This survey course will focus on the legal issues surrounding gay and lesbian parenting, contrasting the approach of various nations with the prevailing approaches in the United States. The course will address the legal issues faced by the LGBT community with particular emphasis on children of LGBT couples.
This is a survey course designed to prepare future lawyers to deal with the types of local government issues often encountered in private practice or as a local government lawyer. The course begins with a study of the types of local governments and their powers. The legal relationships of local governments with each other and with the state and national government will also be examined. Other areas of coverage may include local government revenue powers, legal liability of local governments, local government employment law, local government contracting, land use control, and researching local government law. The course is designed to teach the basics of local government law for any state, but many of the cases and illustrations will focus on California law and current events.
A lecture and simulation course covering the principles and skills used in mediation. The course also offers a comparative overview of the field of alternative dispute resolution, and in particular the practical differences between using arbitration or mediation in resolving disputes. Simulations and other exercises are conducted to develop practice skills and to explore the public policy and legal issues that arise.
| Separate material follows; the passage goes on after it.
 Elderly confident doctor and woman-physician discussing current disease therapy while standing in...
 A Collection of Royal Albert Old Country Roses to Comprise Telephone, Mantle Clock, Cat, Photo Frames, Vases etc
An examination of the legal issues involved in real estate sales and financing; subdivision financing and development; planned unit development, condominiums, cooperatives, and income-producing (rental) properties; and tax considerations.
Student teams research and prepare appellate briefs and practice oral arguments, under the direction of a faculty advisor or faculty coach and/or provide other services for general Moot Court Honors Board (MCHB) activities. Enrollment is based on membership on the MCHB and subject to the approval of the MCHB and faculty advisor(s).
The course will consider business and legal issues in the acquisition of rights and services involved in developing and producing a motion picture based on real events, using legal decisions, contracts, and collective bargaining excerpts.
This course provides you with a “behind the scenes” look at the music industry while teaching the basics of the various aspects of the business. Areas of course coverage may include recorded music, music publishing, live events/touring, merchandising, and a variety of other exploitations of music. Basic terms of each of the key agreements (e.g., Exclusive Recording Agreements, Co-Publishing Agreements, Producer Agreements, etc.) and the various modes of distribution of music (e.g., records, radio, sheet music, internet, film, TV, etc.) will be analyzed.
This course is a survey of the historical development of Islamic jurisprudence and interaction of Islamic law and the modern nation state, with a focus on Middle Eastern and South Asian countries. The course will begin by an overview of how Islamic law developed, focusing on primary sources of law, and methods of interpretations. The rest of the course will be about the various experiences of Muslim communities in countries such as Egypt, Turkey, India, Pakistan, Iran and the United States. Contemporary events such as Arab uprisings are among the topics that will be discussed.
Topics covered may include the analysis of the relationship between Native American tribes and federal and state governments; the role of Congress, the Bureau of Indian Affairs, and tribal governments; Native American education; economic development on reservations; water, hunting, and fishing rights; religion; criminal justice, and the role of customary Native American laws; urban Native American rights; and the status of California Native American "Rancherias."